Im Oktober 2010 bekam der damalige SPD-Stadrat, der inzwischen für die Mannheimer Liste im Gemeinderat ist, von seinem Arbeitgeber eine fristlose Kündigung. Weiß habe Sozialversicherungsabgaben sowie Beiträge für eine Altersversorgung der Mitarbeiter nicht ordnungsgemäß abgeführt, nannte der ASB als Hauptgründe für die Kündigung. Vorwürfe, die Weiß nicht auf sich sitzen lassen wollte. Er klagte nicht nur gegen seine Kündigung am Arbeitsgericht, sondern zeigte sich auch selbst an. So wollte er erreichen, dass in einem Strafverfahren seine Unschuld bewiesen wird. Das arbeitsgerichtliche Verfahren endete 2011 mit einem Vergleich.
Von den strafrechtlichen Ermittlungen, die die Staatsanwaltschaft Mannheim aufgrund der Selbstanzeige startete, war lange nichts zu hören. Im September 2014 erhob die Staatsanwaltschaft Anklage gegen Weiß und den früheren Rettungsdienst- und Personalleiter des ASB. Auch ihm war 2010 fristlos gekündigt worden, auch sein Verfahren vor dem Arbeitsgericht endete mit einem Vergleich.
Vorenthaltung und Veruntreuung von Arbeitsentgelt wirft Oberstaatsanwalt Uwe Siegrist den Angeklagten vor. Was bedeutet, dass die beiden Sozialversicherungsbeiträge nicht ordnungsgemäß abgeführt haben sollen. Das bestreiten die Angeklagten. Seit Dezember versucht das Schöffengericht zu klären, ob die Anklage zutrifft. Am gestrigen dritten Verhandlungstag äußerte die Vorsitzende Richterin Gabriele Schöpf die Befürchtung, "dass wir uns in eineinhalb Jahren noch hier sehen".
Knapp 98 000 Euro sollen die beiden Männer zwischen Januar 2006 und September 2010 den Sozialversicherungen vorenthalten haben. Die dieser Summe zugrunde liegenden Berechnungen seien falsch, monierte Frank Weisschuh, Anwalt des ehemaligen Personalleiters. Es sei falsch gerechnet worden, gestand gestern eine Mitarbeiterin der Kriminalpolizei. Es gehe um knapp 87 000 Euro.

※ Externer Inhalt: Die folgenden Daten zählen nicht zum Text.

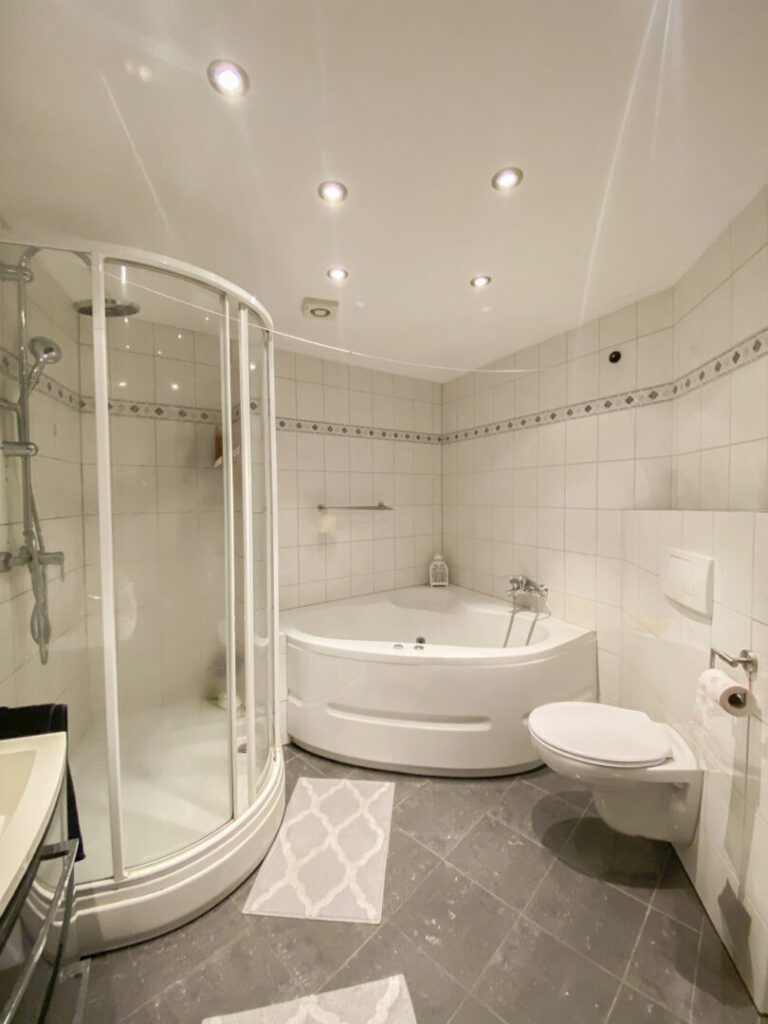 14 Badezimmer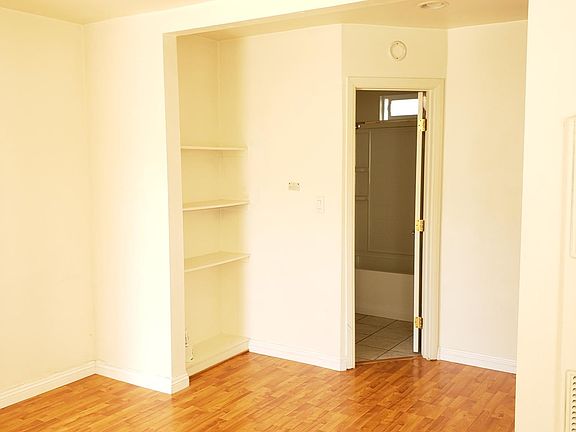 3rd image of 4121 Kendall St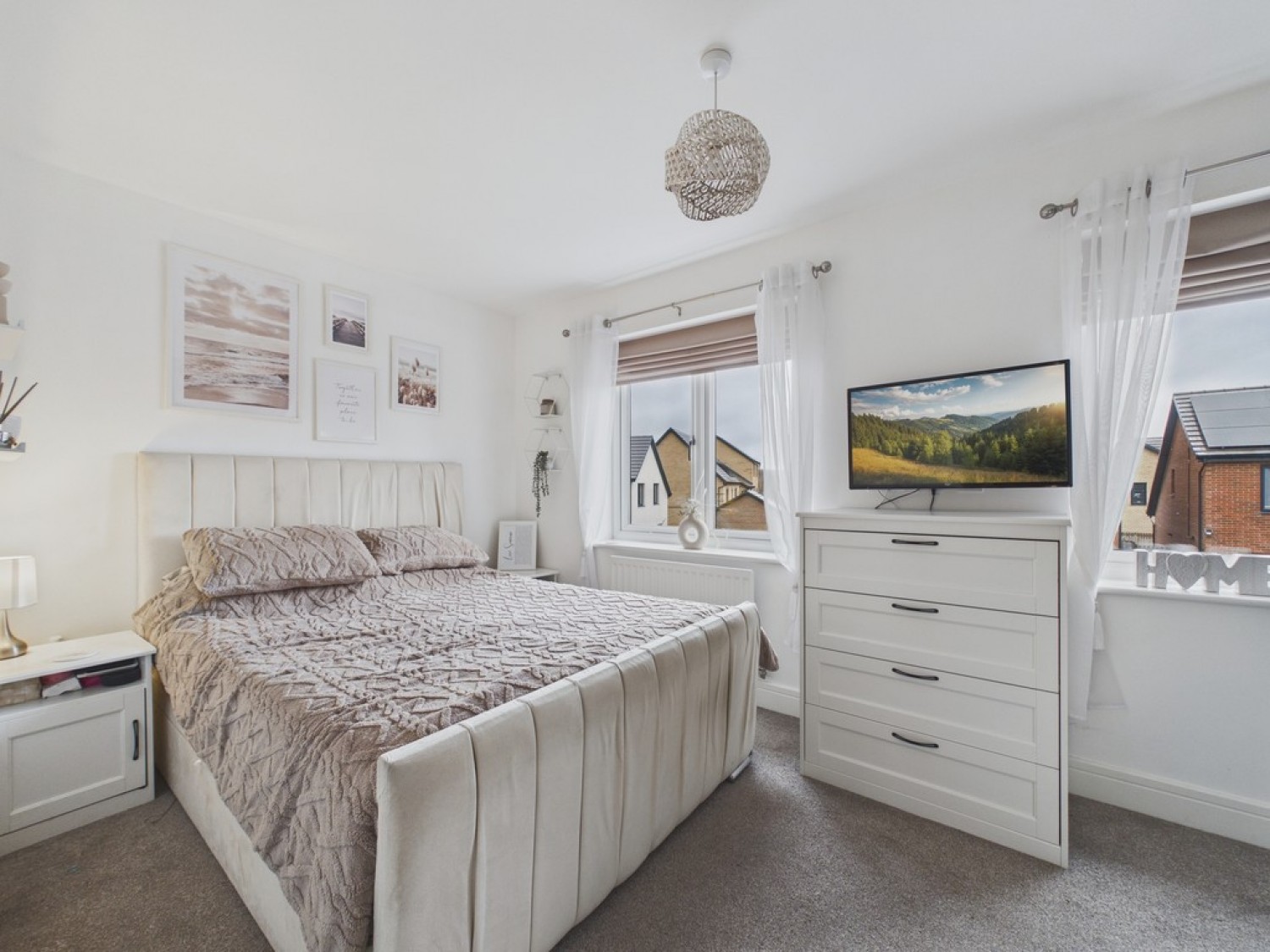 3 bedroom House for Sale Hawes Way, Waverley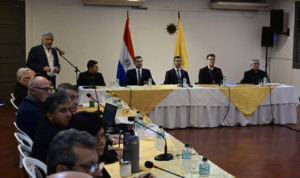 Obispos convocaron a Peña porque preocupa la corrupción, falta de trabajo y situación del IPS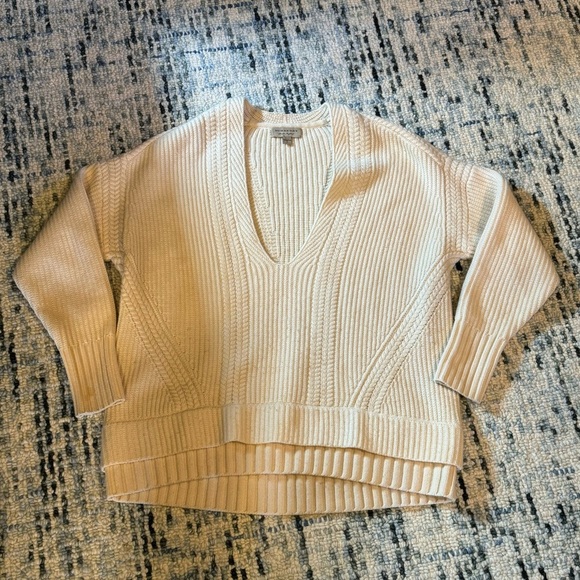 Burberry Cashmere Wool Cable V-neck Cream Sweater, Size S / P - Picture 14 of 15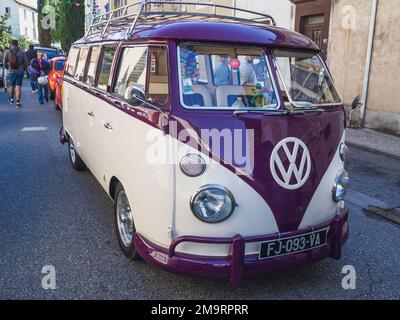 Loriol sur Drome, Frankreich - 17. September 2022: Vintage Purple Volkswagen T1 Transporter on the Street. Oldtimer-Ausstellung in Loriol sur Drome, Fr. Stockfoto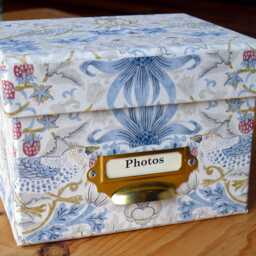 William Morris Photo Box Strawberry Thief Petite Linen, Handmade in England - thumbnail 2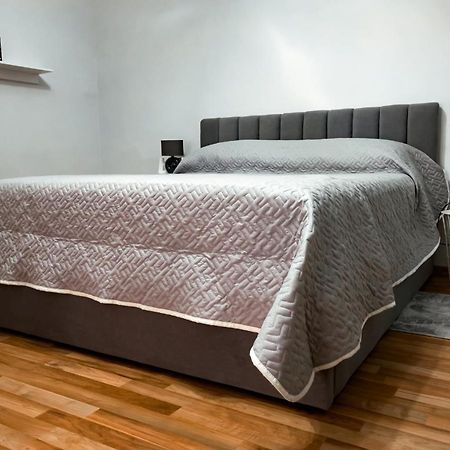 Vila Kodra Tiranë Ngoại thất bức ảnh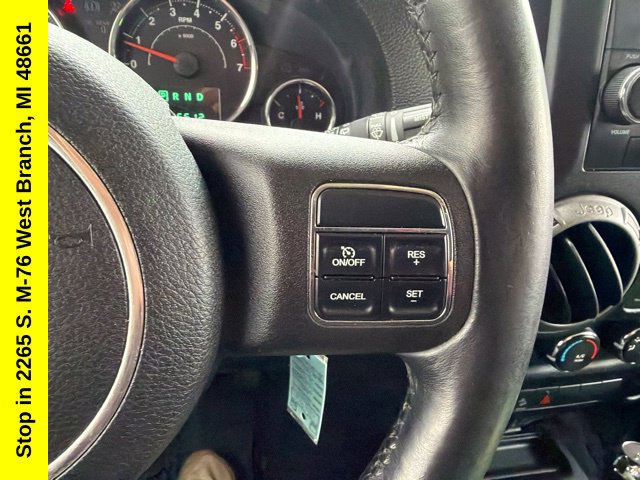 Used 2011 Jeep Wrangler Sport AWD/4WD image 33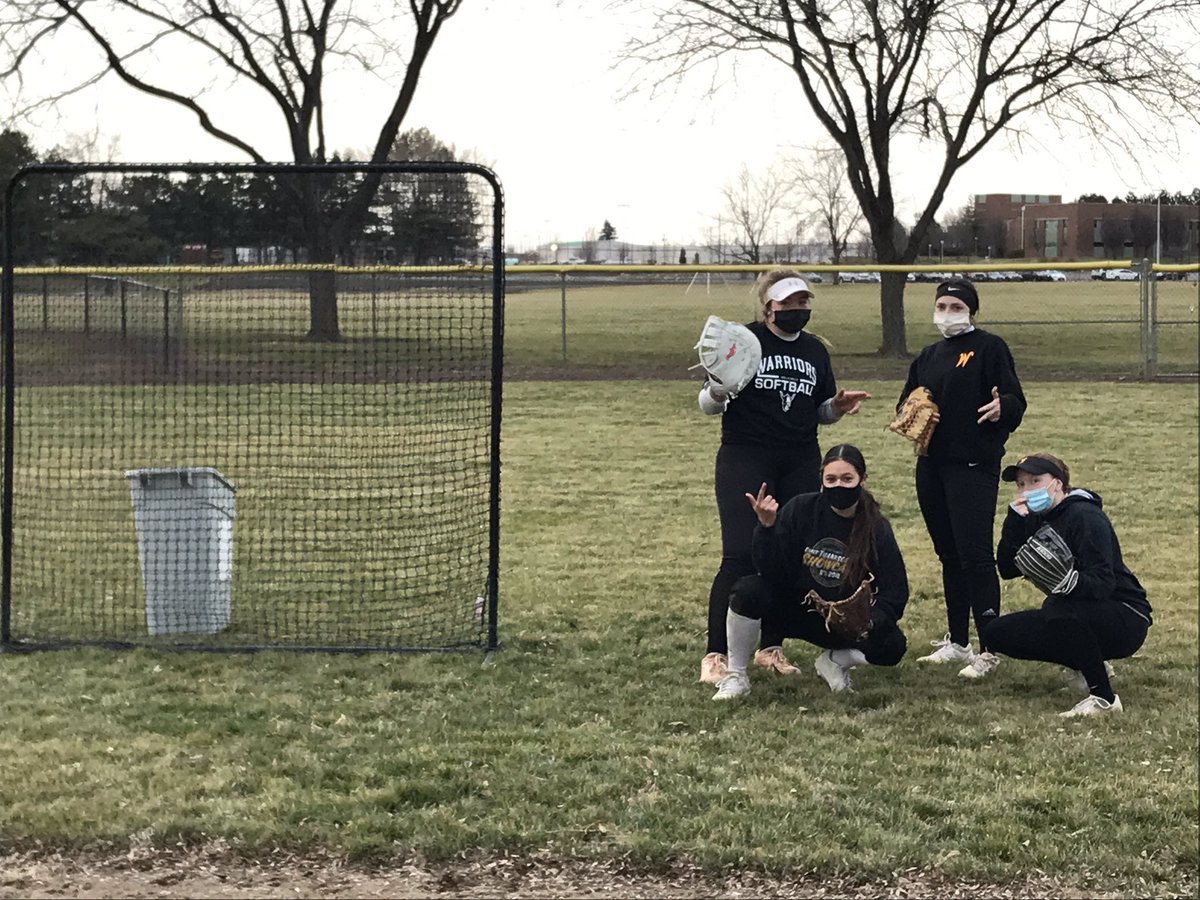 WWCC_Softball's tweet photo. Good to be back! #dubsup https://t.co/TxGRuk7YXi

Auch die jetzigen Berechnungen werden von Weisschuh infrage gestellt.
Streitpunkt ist auch die Gesellschaft zur Betreuung und Pflege alter Menschen (GeBeP). Die wurde 2010 von ASB und Arbeiterwohlfahrt (AWO) gegründet, weil die GeBeP, "nicht an Tarifverträge gebunden" war und "beim Arbeitsrecht mehr Spielraum" hatte, wie gestern der als Zeuge geladene ehemalige SPD-Stadtrat und ehemalige Geschäftsführer der AWO, Claus-Peter Sauter, sagte. "Das war eine unternehmerische Entscheidung. Ob sie richtig war, sei dahingestellt", so der Träger der Ehrennadel des Landes.
Der Oberstaatsanwalt ist der Überzeugung, dass die Entscheidung letztendlich das Zurückhalten von Sozialversicherungsbeiträgen ermöglichte. Denn Mitarbeiter des ASB hätten nicht sozialversicherungspflichtige Nebenjobs bei der GeBeP gehabt und dort Arbeiten erledigt, die Aufgaben des ASB gewesen seien.